WHAT NEEDS TO BE DONE: Every entry is to be returned as it stands, apart from the pictures.

Top of DATASET EXTRACT

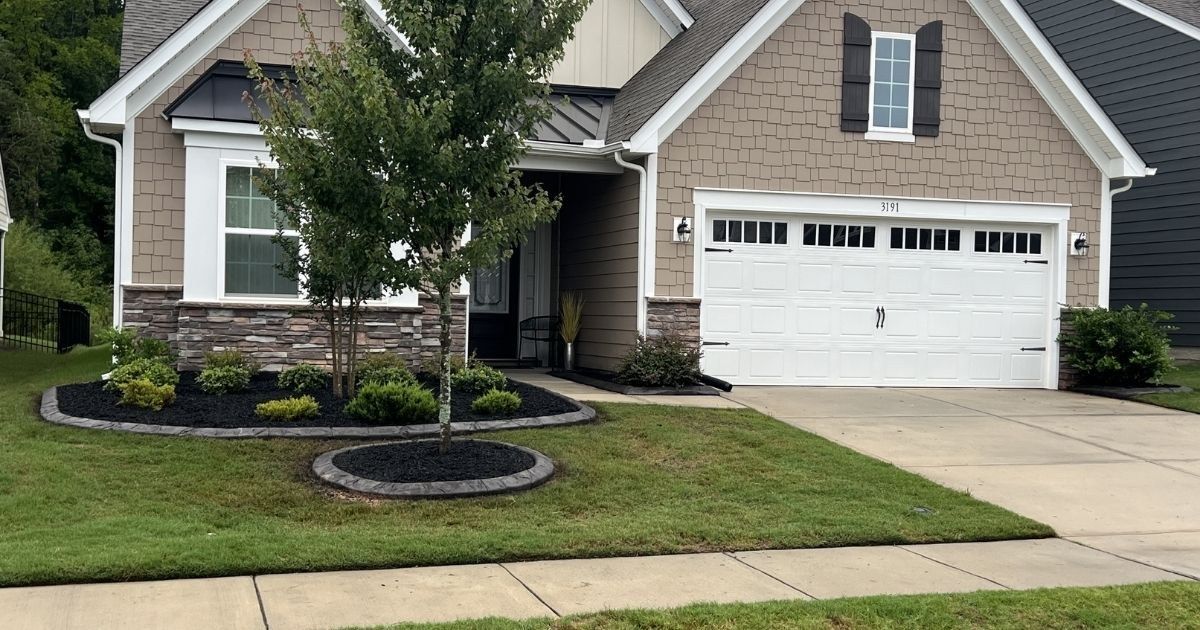 Well house landscaping with river rock decorative curbing and plantings in Clover SC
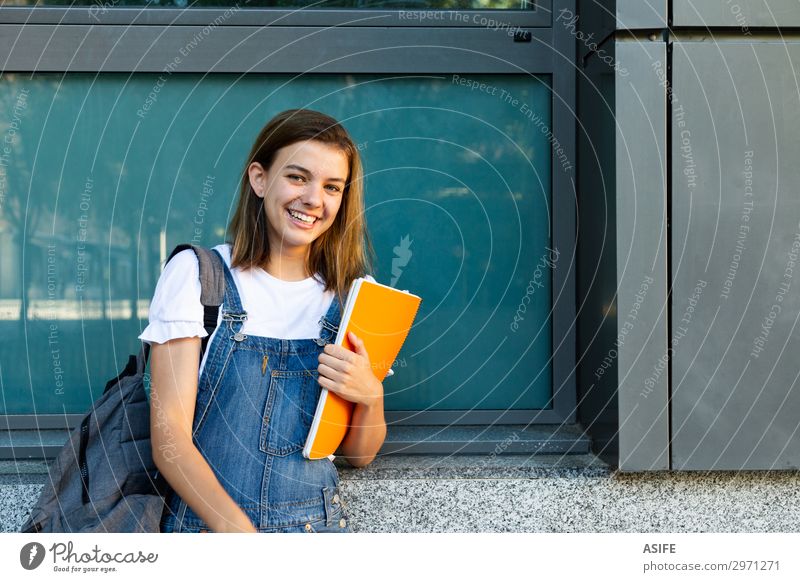 Portrait of a happy student girl leaning against the window of the school Lifestyle Happy Beautiful School Academic studies Woman Adults Youth (Young adults)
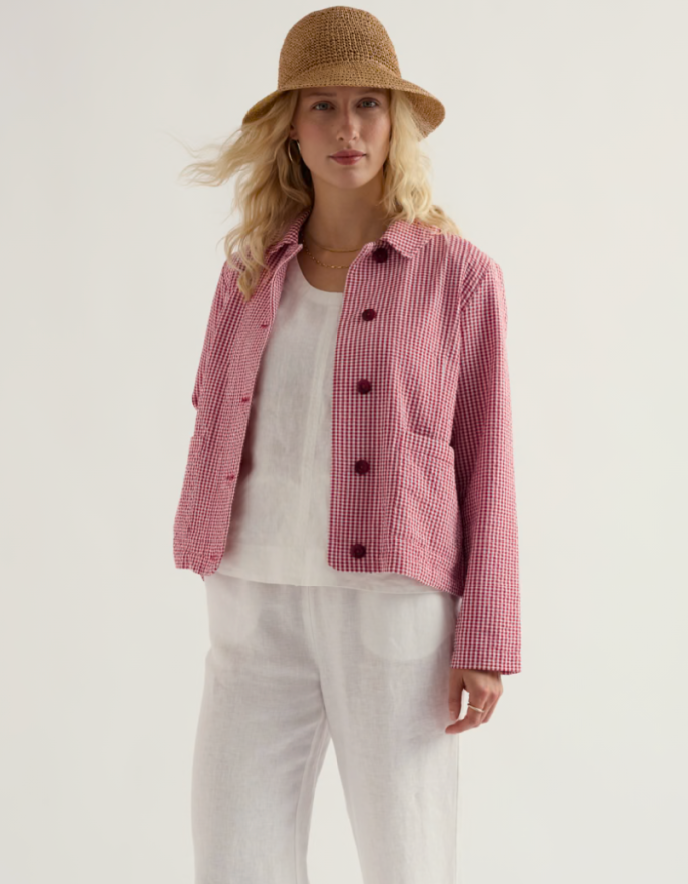 Woman wearing a red and white checkered jacket with a straw hat on a plain background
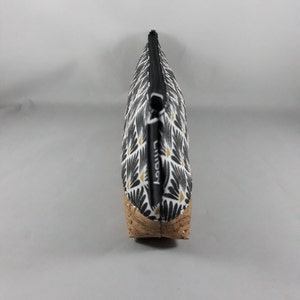 May include: A patterned cosmetic bag in black and white with a gold accent and a cork base. The bag has a black zip and the word "liliboy" printed on the side.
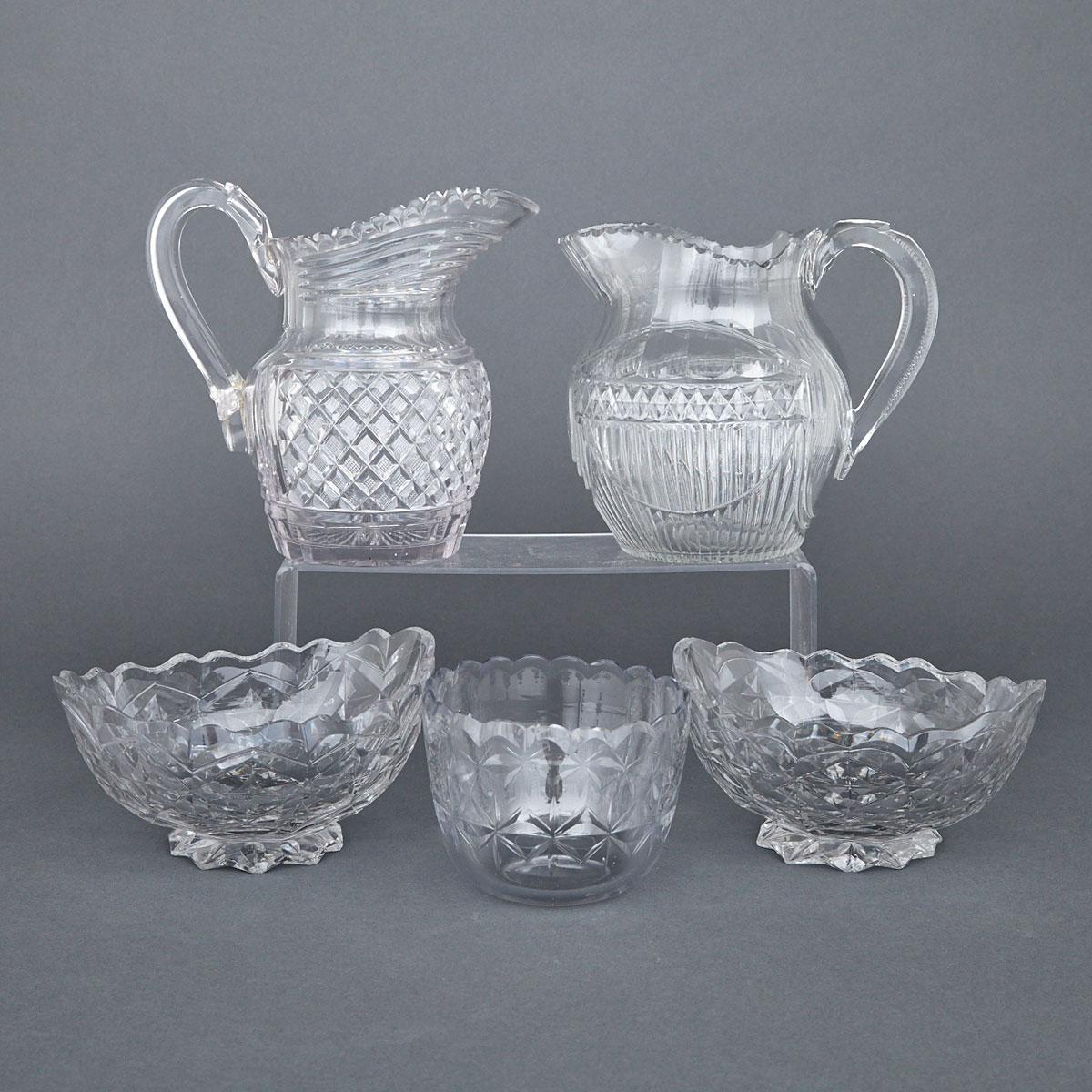 Two Anglo-Irish Cut Glass Water Jugs, Pair of Oval Bowls and a Blending Bowl, late 18th/early 19th century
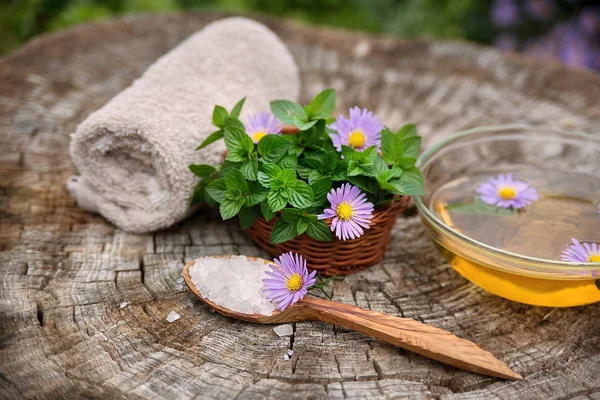 Spa e bem-estar com sal marinho, essência de óleo, flores e — Fotografia de Stock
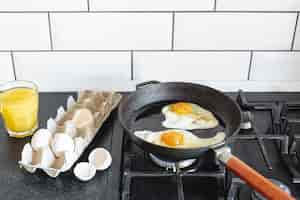 Free photo pan with fried eggs and orange juice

Bottom of DATASET EXTRACT

RESPONSE BOX:
 Well house landscaping with river rock decorative curbing and plantings in Clover SC
 Portrait of a happy student girl leaning against the window of the school Lifestyle Happy Beautiful School Academic studies Woman Adults Youth (Young adults)
 Woman wearing a red and white checkered jacket with a straw hat on a plain background
 May include: A patterned cosmetic bag in black and white with a gold accent and a cork base. The bag has a black zip and the word "liliboy" printed on the side.
 Two Anglo-Irish Cut Glass Water Jugs, Pair of Oval Bowls and a Blending Bowl, late 18th/early 19th century
 Spa e bem-estar com sal marinho, essência de óleo, flores e — Fotografia de Stock
 Free photo pan with fried eggs and orange juice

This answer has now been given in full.